India’s weak political centralization requires changes in the ordering of centre-state economic relations

Illustration by Jayachandran/Mint
Illustration by Jayachandran/Mint

A falling economic growth rate and questions about the pace of poverty reduction and job creation are putting pressure on the Union government and the Planning Commission to improve performance.

China, a country larger than India, has undoubtedly done better in managing economic growth and reducing poverty. An explanation often offered for China’s better management of its economy is the strong, unified, political authority of the centre over its provinces. China has also done much better in the last 20 years than Russia, the other giant—successor to a Communist regime—a country that has embarked on pro-market reforms. In their paper, Soaring Dragon, Stumbling Bear: China’s Rise in a Comparative Context published in March, Mark Harrison and Debin Ma say that China has been able to leverage its centre-state relationships much more effectively than Russia.

The authors use the concept of “M-form political hierarchy", based on business historian Alfred D. Chandler’s descriptions of structures of firms. In an M-form hierarchy, the constituents of the enterprise are divided into parts that are given considerable freedom to manage overall targets set by the centre with limited interference in their management. In contrast, in a “functional hierarchy", the centre retains functional authority with functional chiefs—finance, personnel, production, etc.—reporting to the chief executive who seeks to control and manage the performance of the parts through these functional chiefs.

An organization of central functional ministries attempting to improve performance in the states through central schemes is the government equivalent of a functional hierarchy.

In an M-form hierarchy, the centre has powers to reward and punish the units’ managers for their performance. In China, the unified communist party has authority to manage the personal careers of the state leaders, as does the board and the chief executive officer of a large multi-divisional business organization have powers to manage careers of business heads.

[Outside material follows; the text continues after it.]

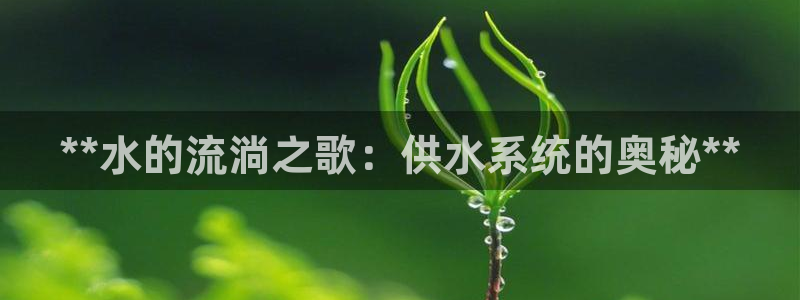 球友会官方网站下载
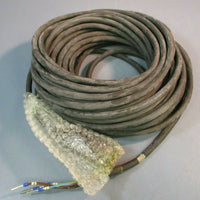 AllenBradley 91011382075 Power Cable: E Series, MPN P24217E75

Harrison and Ma give several explanations of why Russia has not been able to use the M-form model as effectively as China. The most significant of these is the much smaller sizes of state units in Russia than in China—Russia has 105 regional authorities whereas China has 31 provinces. Another is the historical interdependence of states on each other in Russia through specializations forced on them by a longer, and stronger process of top-down planning, thus making many of them incapable of independent action even if given freedom. In these structural ways, India is much closer to China than Russia.

Though China and India have similar configurations of states, the critical difference between them is the much weaker political authority the centre has over the states in India. It is not in a position to manage the careers of all its state chief ministers—even less now than it was in an earlier age. Thus, India seems to be in a structural trap. Its political structure compels it to operate like an M-form hierarchy with freedom from the centre to the states. But the centre does not have strong levers of personally rewarding or punishing state leaders according to their performance. Therefore, it must find other ways to induce performance improvements in the states.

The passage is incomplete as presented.